The episode is known to the "Idol" crew as the Green Mile, comparing the walk each contestant must take to hear his or her fate to the fabled last walk of those on death row. On this one harrowing night a year, "Idol" has constructed an hour of television in which drama is stripped down to its essentials and held steady in the blistering glare of the klieg lights.
There is no singing to distract from the angst on Green Mile night, no touching video packages -– we simply spend an hour watching as one by one each contestant rides an elevator, trudges across a vast auditorium floor and sits alone before the judges to hear whether, having emerged from 100,000 to the top 50, they are about to be tossed back into the anonymous swamp where they have vainly toiled their entire lives or whether they are to enter history as one of Season 7's 24.
As Simon tells one contestant about her singing career, “It’s safe to assume that if we say no at this stage it’s pretty much over.”
So with the stakes being their entire lives, we get to revel in the specter of a solid hour of people enduring the tensest moments they will ever know, the heights of joy and the depths of despair to follow. “This is probably the worst day of my life.
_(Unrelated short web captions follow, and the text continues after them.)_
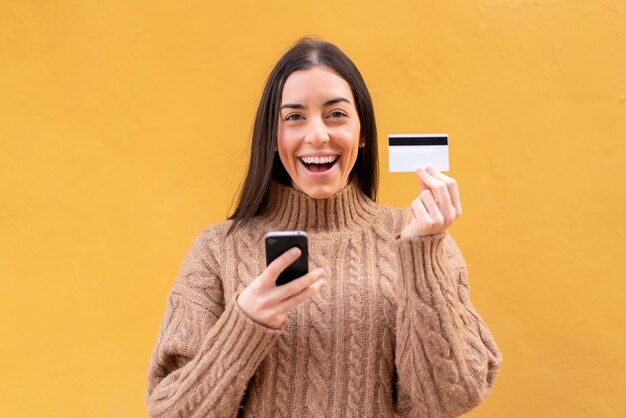 Joven morena al aire libre comprando con el móvil con tarjeta de crédito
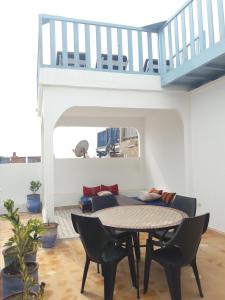 een woonkamer met een tafel en stoelen en een trap bij Riad Etoile De Mogador in Essaouira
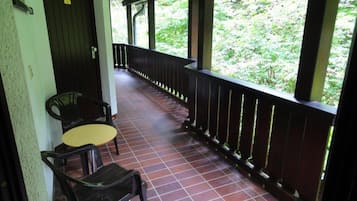 A covered outdoor area with a tiled floor, a wooden railing, and two chairs.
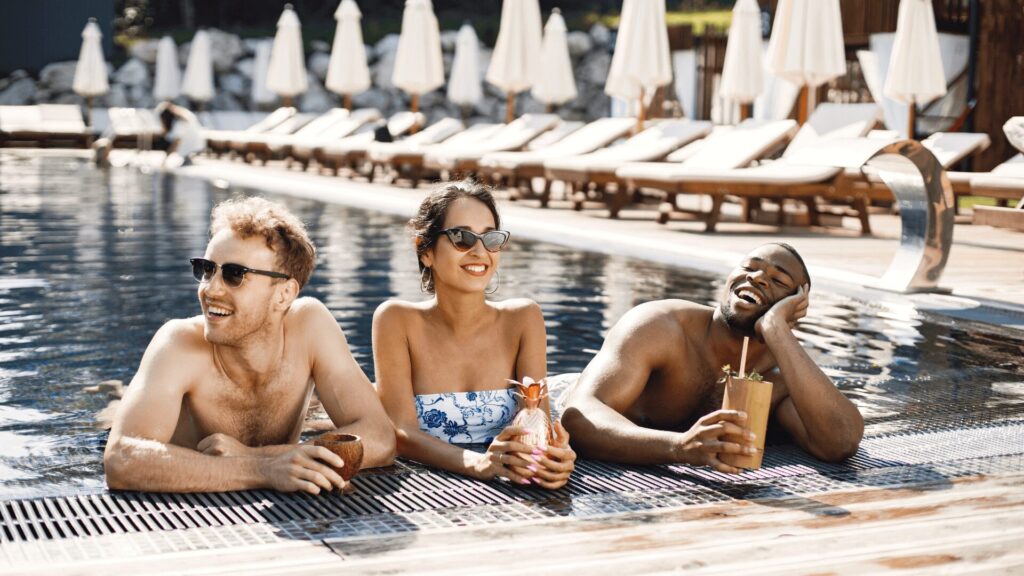 Três pessoas relaxam em uma piscina luxuosa, aproveitando drinks coloridos e rodeadas por cadeiras de lounge e guarda-sóis.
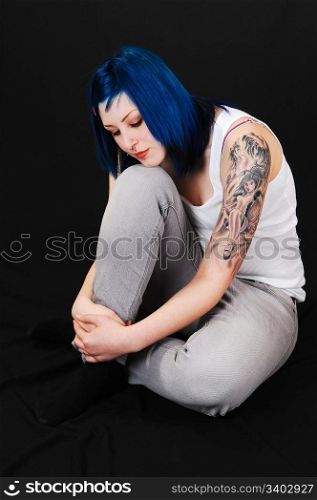 Young lovely girl in gray blue jeans and white T-Shirt, sitting on the floor and dreaming, with a nice tattoo on her arm, for black background.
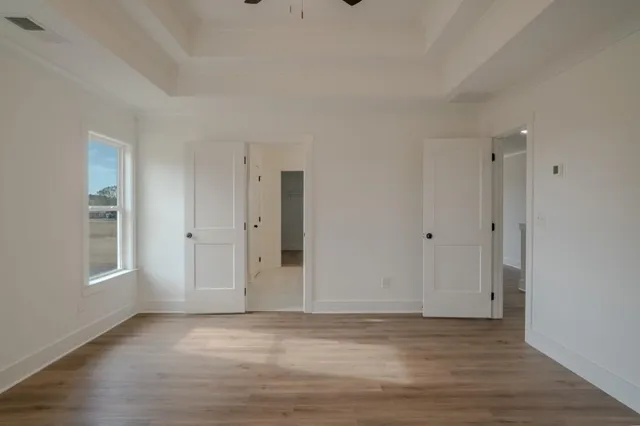 a view of an empty room with wooden floor and window
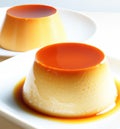 Close up of flans on white plate created using generative ai technology Royalty Free Stock Photo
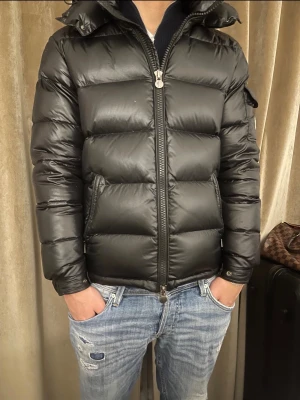 Svart Moncler pufferjacka med huva - Tja! Säljer en svart pufferjacka från Moncler i storlek M~S/ modellen är 1.80 En väldigt liten defekt framtill högra bröstet samt vid bakdelen av jackan( som visas på bilderna). Annars i väldigt fint skick. Säljer för ett relevant pris. Självklart äkta. DMa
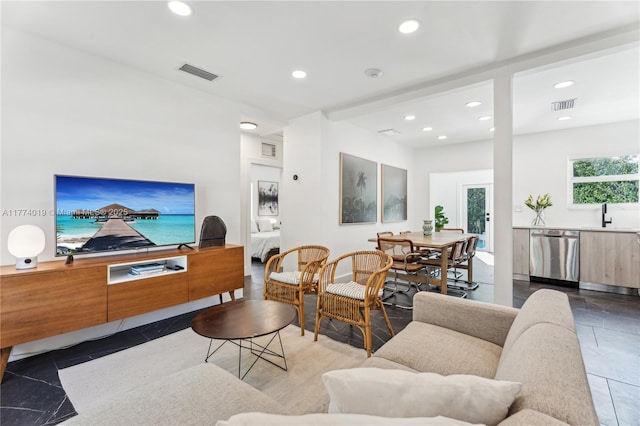 living room with recessed lighting and visible vents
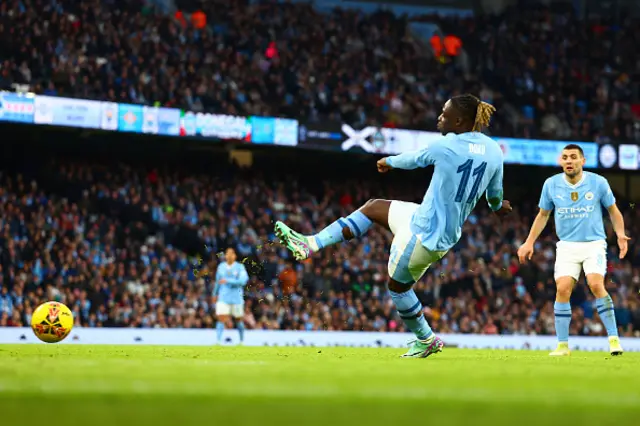 Jeremy Doku of Manchester City scores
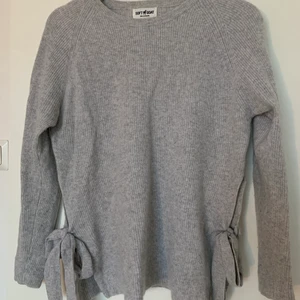 Kashmirtröja - Grå Kashmirtröja ifrån soft goat med knytningar på sidorna, storlek S. Varsamt använd är i bra skick! Säljer för 300kr + frakt😊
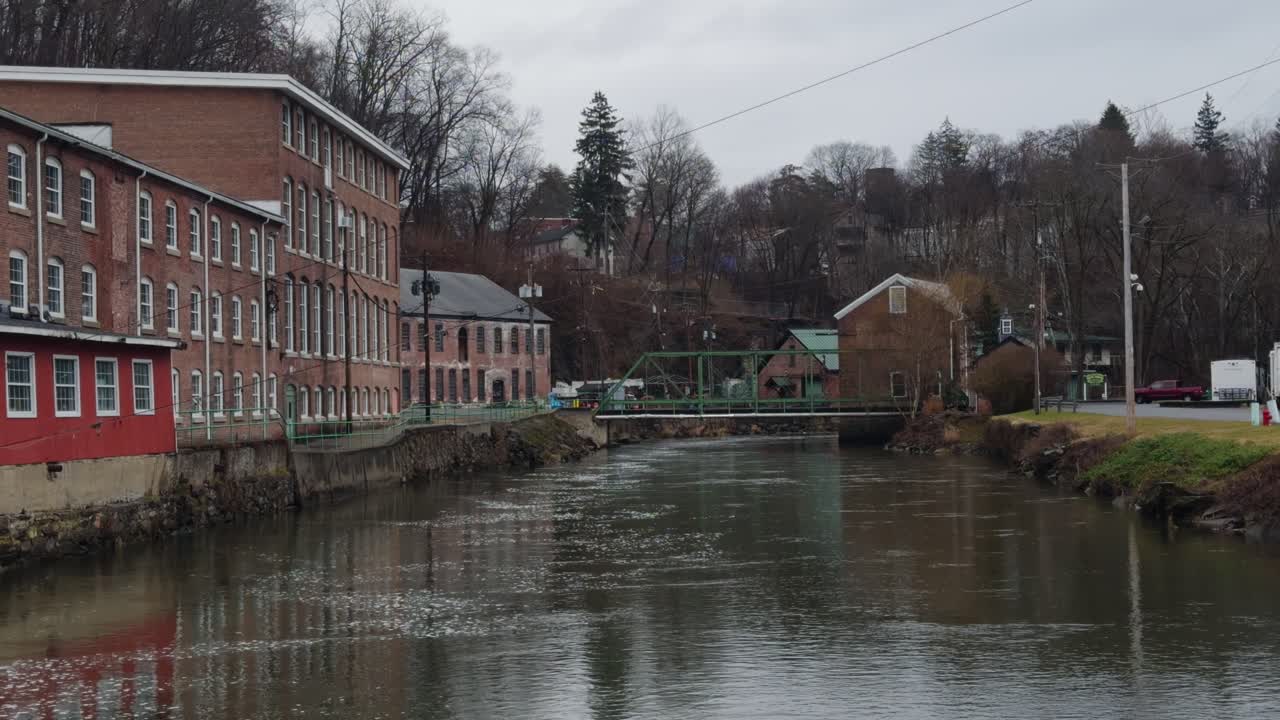 Old brick buildings in an industrial park with a creek in small town USA" Include keywords: Dutchess County, Wappingers Falls, and Wappingers Creek
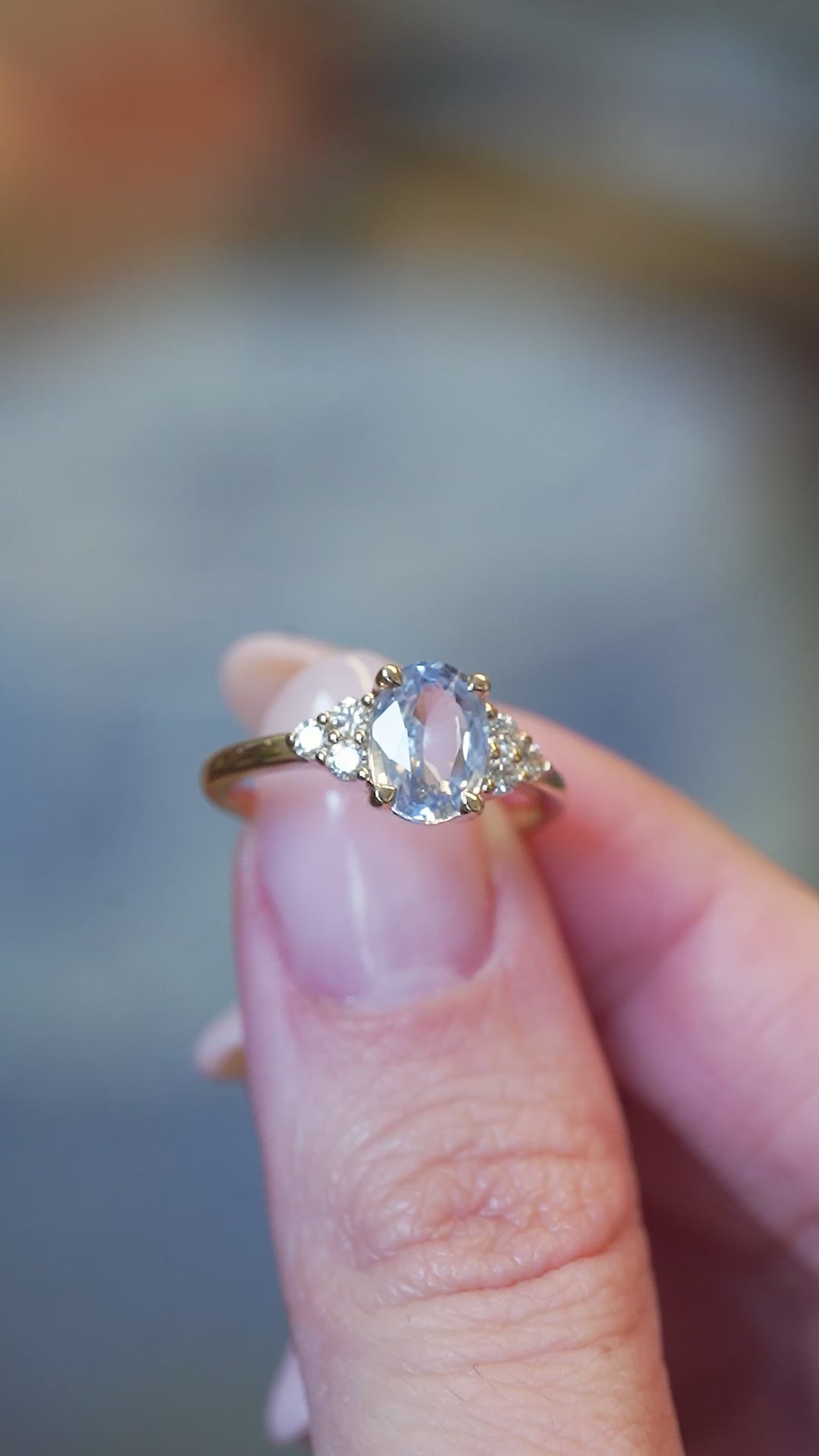 Pale blue sapphire and diamond cluster tre-foil engagement ring held between fingers with motion showcasing the sparkle.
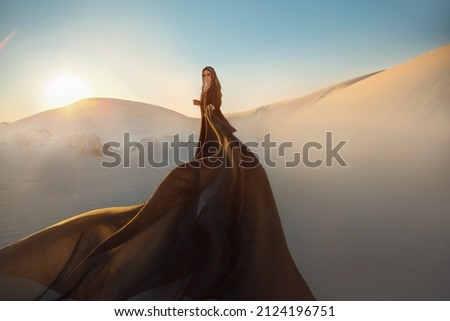 Mystery arabic woman in black long dress stands in desert long train silk fabric fly flytter in wind motion. clothes gold accessories hide face. Oriental fashion model. Sand dunes background sunset Royalty-Free Stock Photo #2124196751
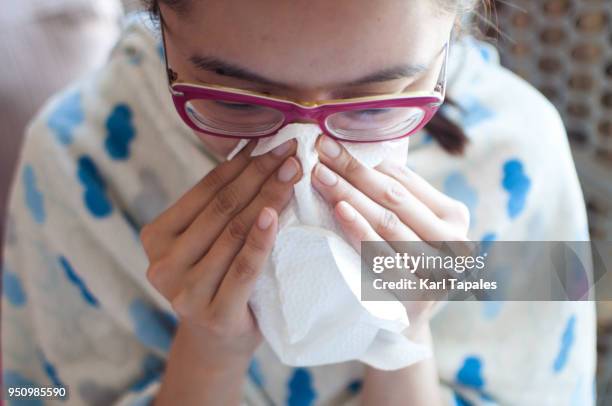 a young woman is having a flu - slijm stockfoto's en -beelden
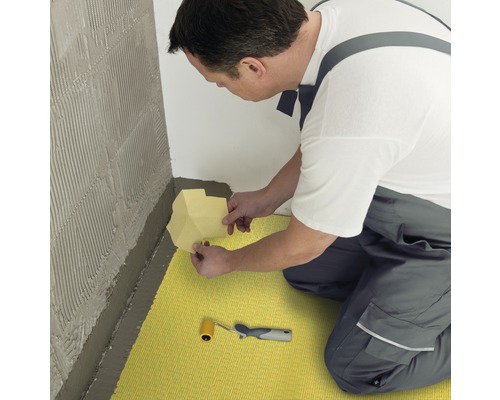 Handwerker verlegt Entkopplungsmatte auf dem Boden und an der Wand mit Werkzeug für Fliesenarbeiten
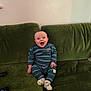 William joined the competition — help win amazing prizes! baby, smiling, green_couch, striped_clothing, sitting, happy, indoor, child, pajamas, footwear, person, couch, furniture, living_room, cute, infant, portrait, cozy, home, relaxed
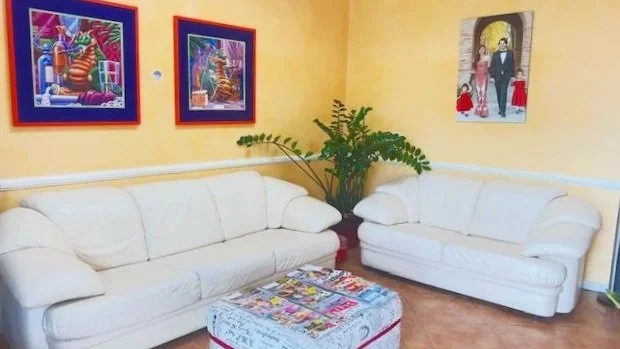 Living room with two white sofas, colorful artwork on yellow walls, a large green potted plant, and a patterned ottoman in the center.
I have no idea what I’m going to do with my life now. Oh my God,” is how one rejected contestant succinctly described the experience.
Simply put, in contemporary society, there is no currency more valuable than fame. Power, money, sex, respect -– all pale before its white heat. The Green Mile episode is the gateway to fame, or as close a shot at it as anything can offer.
This is not some rinky-dink island relay race show with a piddly after-taxes cash prize waiting at the end, or a crypto-soap opera partner hunt dangling a very dubious shot at love everlasting. The prize on the line, even if you just make it halfway from this point, is the purest substance yet discovered, as testified by Clarkson, Aiken, Underwood, Daughtry, et al. as they sat in these seats in their turn. The contestants truly stand at St. Peter’s gates, their fates weighed in the balance. And what could make for a better hour of television?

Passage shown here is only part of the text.